We're running kubelet 1.18.3 with Docker 19.03.12 on a baremetal Linux cluster. We noticed today that we had a lot of pod evictions that we traced to disk space pressure on a node. For that particular node, we had passed the 80% threshold on the file system holding the Docker nodefs.
But the culprit was in /var/lib/kubelet/pods/{{pod-uid}}/volumes/kubernetes.io~nfs/{{pv}}. On inspection, that directory held a copy. (a cache???) of an NFS persistent volume mounted ReadOnlyMany by the pod through a PersistentVolumeClaim. The pod is ultimately based on Debian Stretch and OpenJDK. If we exec into the pod, we see the nfs mount point for the PV as we would expect:
server:/export-path on /local-volume type nfs4 (ro,relatime,vers=4.2,rsize=1048576,wsize=1048576,namlen=255,hard,proto=tcp,port=0,timeo=600,retrans=2,sec=sys,clientaddr=nn.nn.nn.nn,local_lock=none,addr=nn.nn.nn.nn)

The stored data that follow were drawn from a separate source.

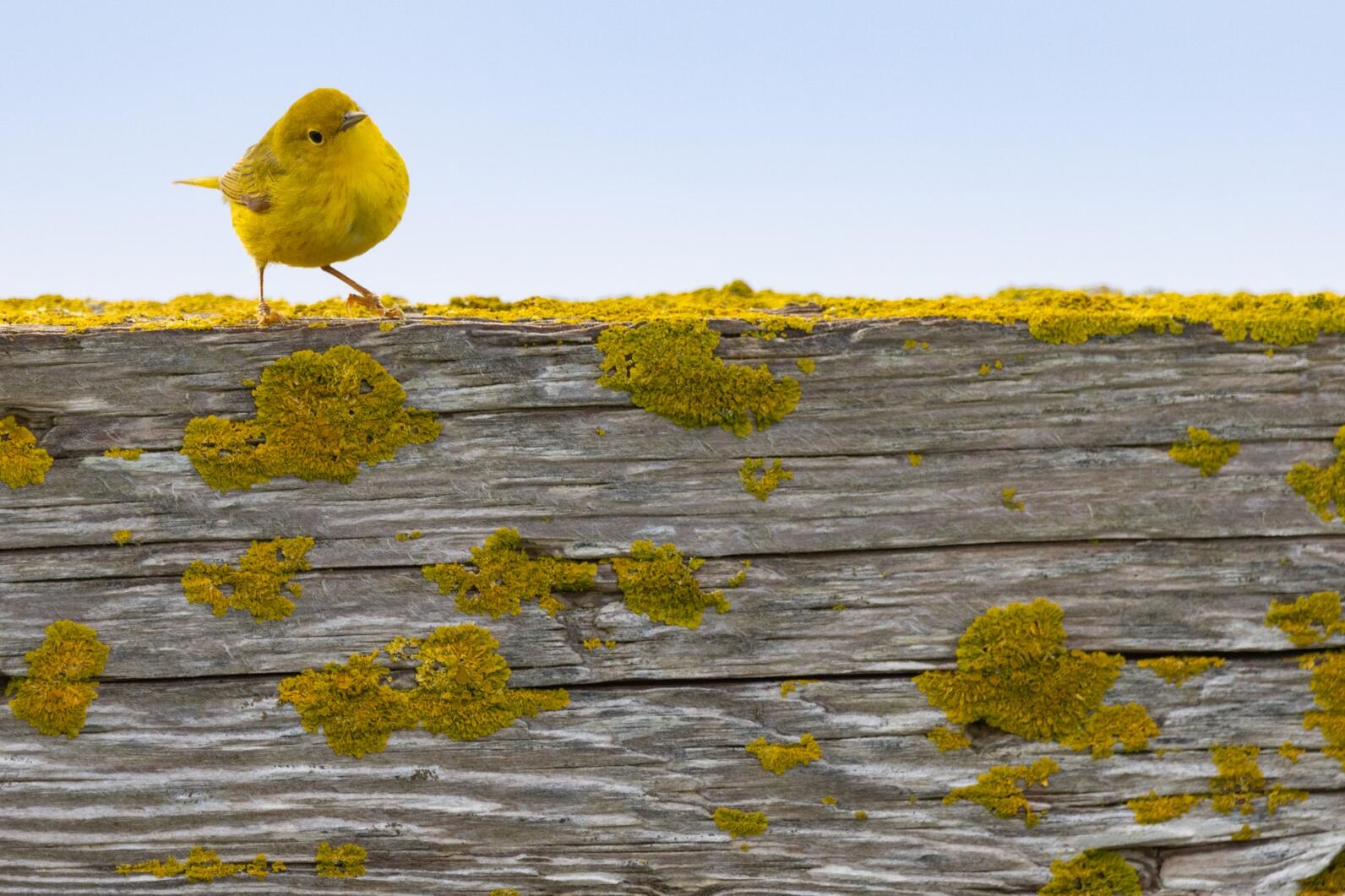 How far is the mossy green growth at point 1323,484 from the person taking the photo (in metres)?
3.36

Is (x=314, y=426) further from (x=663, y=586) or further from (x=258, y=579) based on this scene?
(x=663, y=586)

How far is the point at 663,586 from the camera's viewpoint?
3410 mm

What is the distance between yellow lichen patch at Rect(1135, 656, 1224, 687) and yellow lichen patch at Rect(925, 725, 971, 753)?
2.12 feet

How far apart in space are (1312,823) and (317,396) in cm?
371

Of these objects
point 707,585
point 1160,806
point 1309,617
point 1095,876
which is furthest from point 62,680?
point 1309,617

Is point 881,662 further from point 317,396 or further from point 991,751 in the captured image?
point 317,396

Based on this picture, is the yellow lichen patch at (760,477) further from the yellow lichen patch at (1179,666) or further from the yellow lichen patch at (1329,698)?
the yellow lichen patch at (1329,698)

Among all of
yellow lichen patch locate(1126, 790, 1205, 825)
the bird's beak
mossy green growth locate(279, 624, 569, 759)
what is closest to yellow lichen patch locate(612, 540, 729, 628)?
mossy green growth locate(279, 624, 569, 759)

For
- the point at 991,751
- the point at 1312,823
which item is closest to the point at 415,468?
the point at 991,751

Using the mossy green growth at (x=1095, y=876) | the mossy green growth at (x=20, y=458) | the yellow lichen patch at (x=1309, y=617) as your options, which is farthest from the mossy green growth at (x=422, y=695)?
the yellow lichen patch at (x=1309, y=617)

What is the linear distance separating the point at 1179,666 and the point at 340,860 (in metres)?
2.97

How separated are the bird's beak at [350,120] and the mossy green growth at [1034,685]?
306 cm

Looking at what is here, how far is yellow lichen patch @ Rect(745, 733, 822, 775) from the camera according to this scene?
3.46m

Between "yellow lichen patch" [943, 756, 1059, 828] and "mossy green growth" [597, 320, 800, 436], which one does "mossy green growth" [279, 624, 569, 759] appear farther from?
"yellow lichen patch" [943, 756, 1059, 828] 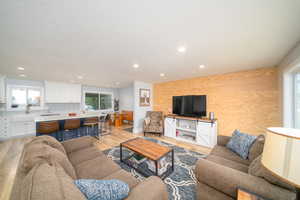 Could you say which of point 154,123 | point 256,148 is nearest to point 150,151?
point 256,148

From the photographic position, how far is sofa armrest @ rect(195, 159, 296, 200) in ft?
2.90

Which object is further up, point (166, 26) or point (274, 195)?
point (166, 26)

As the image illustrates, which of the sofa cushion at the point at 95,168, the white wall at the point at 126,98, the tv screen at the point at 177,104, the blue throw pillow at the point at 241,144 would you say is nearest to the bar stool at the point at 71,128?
the sofa cushion at the point at 95,168

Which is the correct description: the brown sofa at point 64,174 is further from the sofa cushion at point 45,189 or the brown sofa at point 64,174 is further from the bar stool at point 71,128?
the bar stool at point 71,128

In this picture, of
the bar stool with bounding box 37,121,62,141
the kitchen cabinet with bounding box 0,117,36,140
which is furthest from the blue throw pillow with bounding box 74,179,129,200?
the kitchen cabinet with bounding box 0,117,36,140

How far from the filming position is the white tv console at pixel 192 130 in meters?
3.17

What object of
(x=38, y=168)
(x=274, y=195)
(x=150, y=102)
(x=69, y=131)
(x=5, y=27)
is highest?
(x=5, y=27)

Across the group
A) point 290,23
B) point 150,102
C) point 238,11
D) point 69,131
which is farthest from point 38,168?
point 150,102

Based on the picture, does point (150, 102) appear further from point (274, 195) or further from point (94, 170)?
point (274, 195)

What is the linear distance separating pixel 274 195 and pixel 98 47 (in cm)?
275

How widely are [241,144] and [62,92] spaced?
6501mm

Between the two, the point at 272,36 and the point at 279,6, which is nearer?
the point at 279,6

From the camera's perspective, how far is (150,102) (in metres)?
5.18

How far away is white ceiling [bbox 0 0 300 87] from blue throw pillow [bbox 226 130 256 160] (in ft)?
5.10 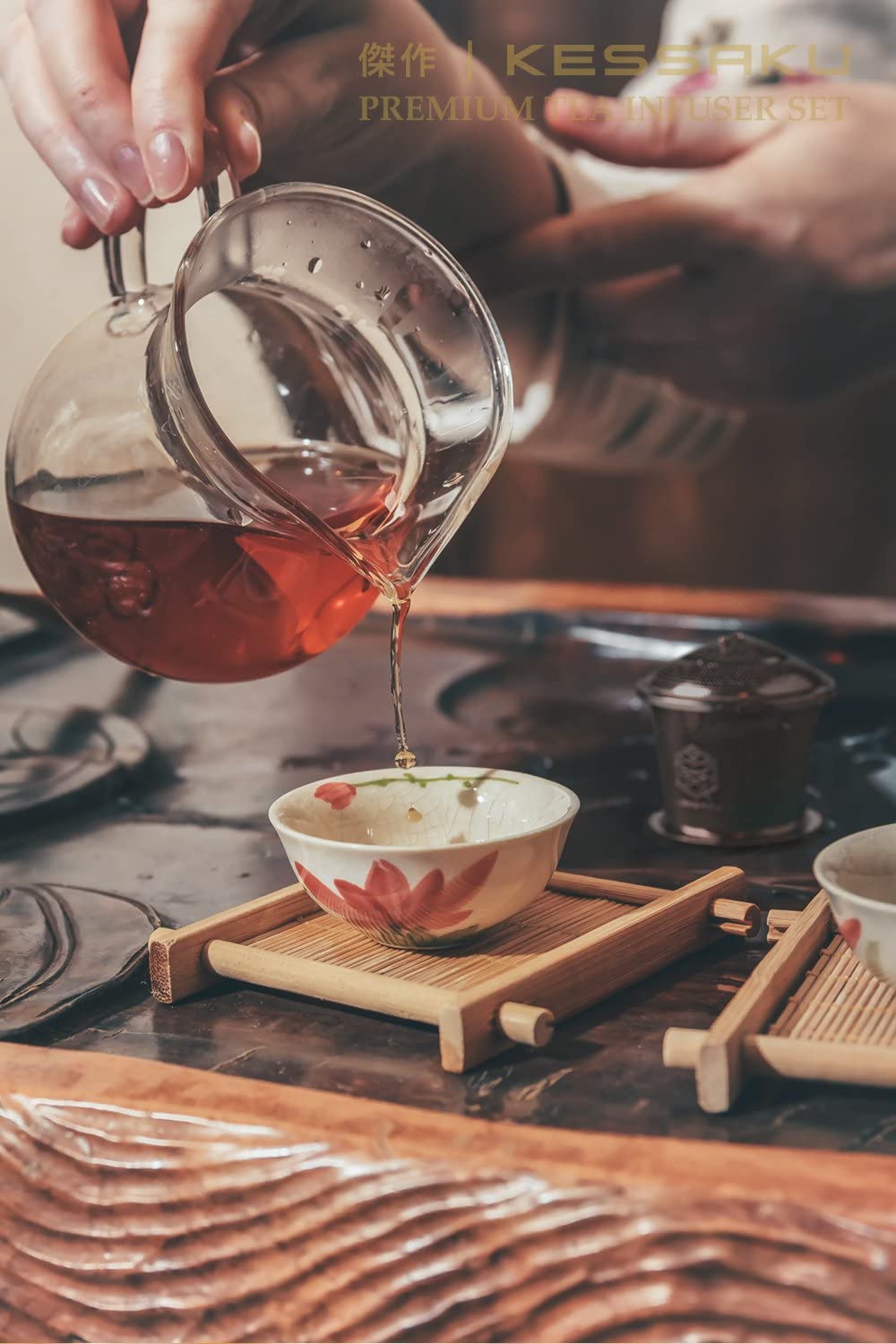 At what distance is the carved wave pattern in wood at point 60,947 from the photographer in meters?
0.72

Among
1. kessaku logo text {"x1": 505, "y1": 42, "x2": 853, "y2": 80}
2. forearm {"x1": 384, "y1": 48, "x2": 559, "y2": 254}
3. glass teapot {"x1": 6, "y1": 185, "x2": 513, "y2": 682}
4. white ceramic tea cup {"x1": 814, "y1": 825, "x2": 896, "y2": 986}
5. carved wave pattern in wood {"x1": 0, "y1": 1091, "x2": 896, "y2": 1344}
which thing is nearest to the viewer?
carved wave pattern in wood {"x1": 0, "y1": 1091, "x2": 896, "y2": 1344}

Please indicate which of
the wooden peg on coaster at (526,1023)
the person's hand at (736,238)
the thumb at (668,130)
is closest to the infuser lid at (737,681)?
the wooden peg on coaster at (526,1023)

However, docker inspect -f '{{.Mounts}}' container-id
also shows the mount point /local-volume
as being bound to /var/lib/kubelet/pods/{{pod-uid}}/volumes/kubernetes.io~nfs/{{pv}}
So two questions: 1. AFAIK, nfsv4 client doesn't cache files in the mounted file system, so where are these copies coming from? 2. Is there a way to manage this local cache? The external PV is pretty large, and we don't need it to be cached as a local volume in the pod.
I should have looked deeper into the host's mtab. Kubelet mounts the pod's persistent volume claim binding into /var/lib/kubelet/pods/{{pod-uid}}/volumes/kubernetes.io~nfs/{{pv}}
, so the container's persistent volume appears in the host's file system.
Lesson learned. Use du -x -h -s * | sort -h
when hunting down big disk space offenders to not get distracted by (i.e., nfs) mount points.